Fuel-Loaded Mars Probe May Crash Back to Earth
A Russian space probe that was intended to land on a Martian moon has been circling the Earth after equipment failure Wednesday and experts say the craft could become the most dangerous manmade object to ever hit the planet.
Scientists at the Russian-leased Baikonur cosmodrome in Kazakhstan are racing to fire up an engine that will keep the probe on track, or risk that it will come crashing down just after midnight on Wednesday.
BBC News reported that the Russian Space Agency said the engine failed to start and that engineers have only three days to correct the problem before the batteries on the probe run out.
"We have three days while the batteries are still working," Roscosmos chief Vladimir Popovkin told the AP.
"I would not say it's a failure. It's a non-standard situation but it is a working situation."
Space engineers have to reset the spacecraft’s computer program to make it work before its batteries die, the AP reported.
The Phobos Ground probe was launched successfully by a Zenit-2 booster but did not continue its route to Mars and has been circling the earth since.
The $170 million Phobos-Ground craft, manufactured by the Moscow based NPO Lavochkin, was set out to orbit around Mars, land a probe on Mars’ largest moon, Phobos, and collect soil, being the first to ever collect and bring back samples of the alien satellite.
However dttaRussia has not had a successful planetary mission since the fall of the Soviet Union.
As reported in the AP, “the mishap is the latest in a series of recent launch failures that have raised concerns about the condition of Russia's space industries.
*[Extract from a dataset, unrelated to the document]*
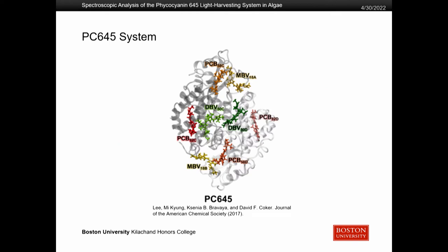This is the PC645 system. It looks really complicated, but basically the grayed out part is the protein — that's the bulk of the system. You also have these colored components, which are the chromophores, and this is what actually interacts with the light.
The Russian space agency said it will establish its own quality inspection teams at rocket factories to tighten oversight over production quality.”
In 1996 Russia’s robotic mission to Mars which included a probe crashed shortly after its launch due to engine failure.
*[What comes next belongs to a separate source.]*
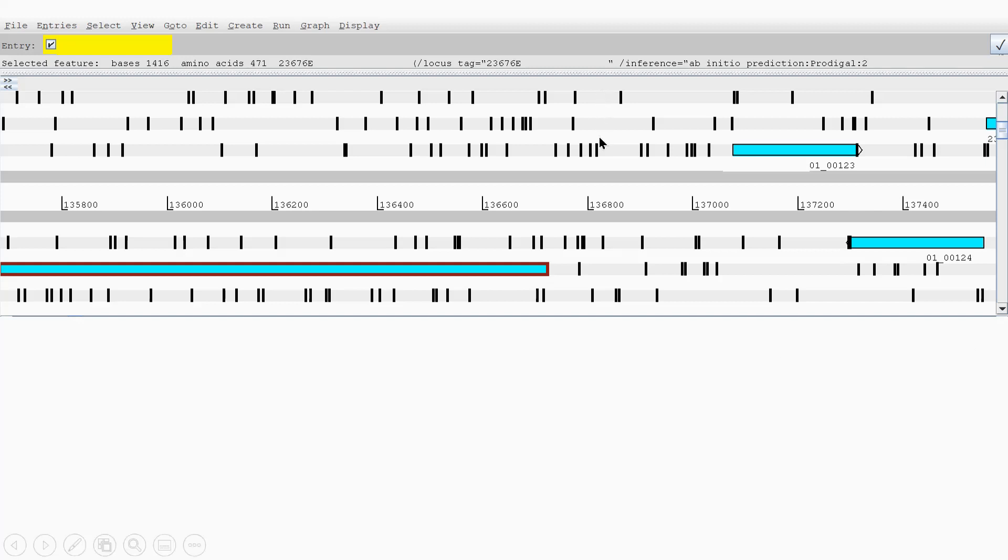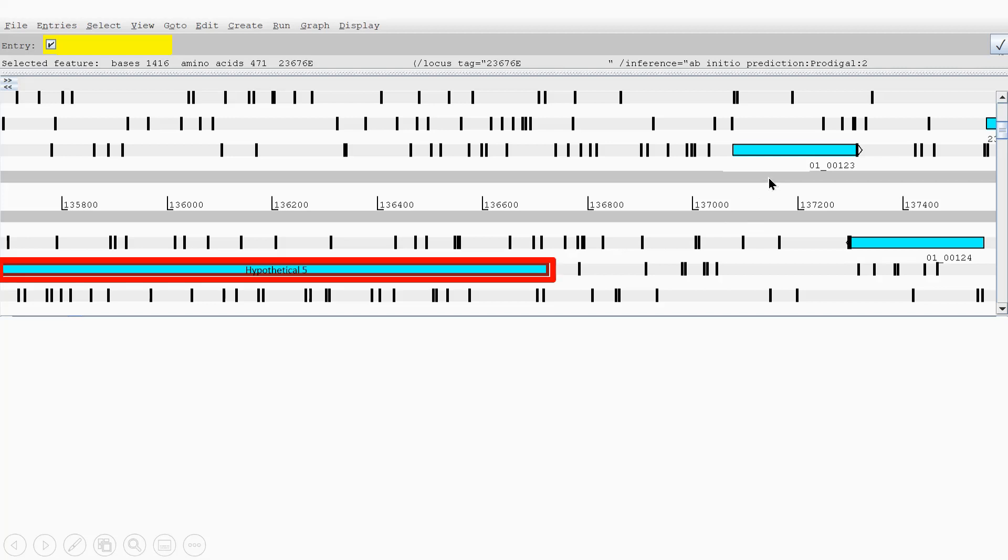Here you can see the six-frame translation tracks here, three in the forward direction and three in the reverse. On here, you have hypothetical gene five and six, and these small vertical lines represent the stop codons.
But James Oberg, NASA veteran and space consultant, told the AP that it’s still possible to regain control over the space probe and sending it on its original planned path.
"With several days of battery power, and with the probe's orbit slowly twisting out of the optimal alignment with the desired path towards Mars, the race is on to regain control, diagnose the potential computer code flaws, and send up emergency rocket engine control commands," Oberg said in an email to The Associated Press. "Depending on the actual root of the failure, this is not an impossible challenge."
However, if the controllers fail to regain control over the 14.6 ton spacecraft, Oberg told the AP that the tons of highly toxic fuel it carries would make it the most dangerous manmade object to ever fall from orbit.
"About seven tons of nitrogen teroxide and hydrazine, which could freeze before ultimately entering, will make it the most toxic falling satellite ever," he told the AP. "What was billed as the heaviest interplanetary probe ever may become one of the heaviest space derelicts to ever fall back to Earth out of control, an unenviable record."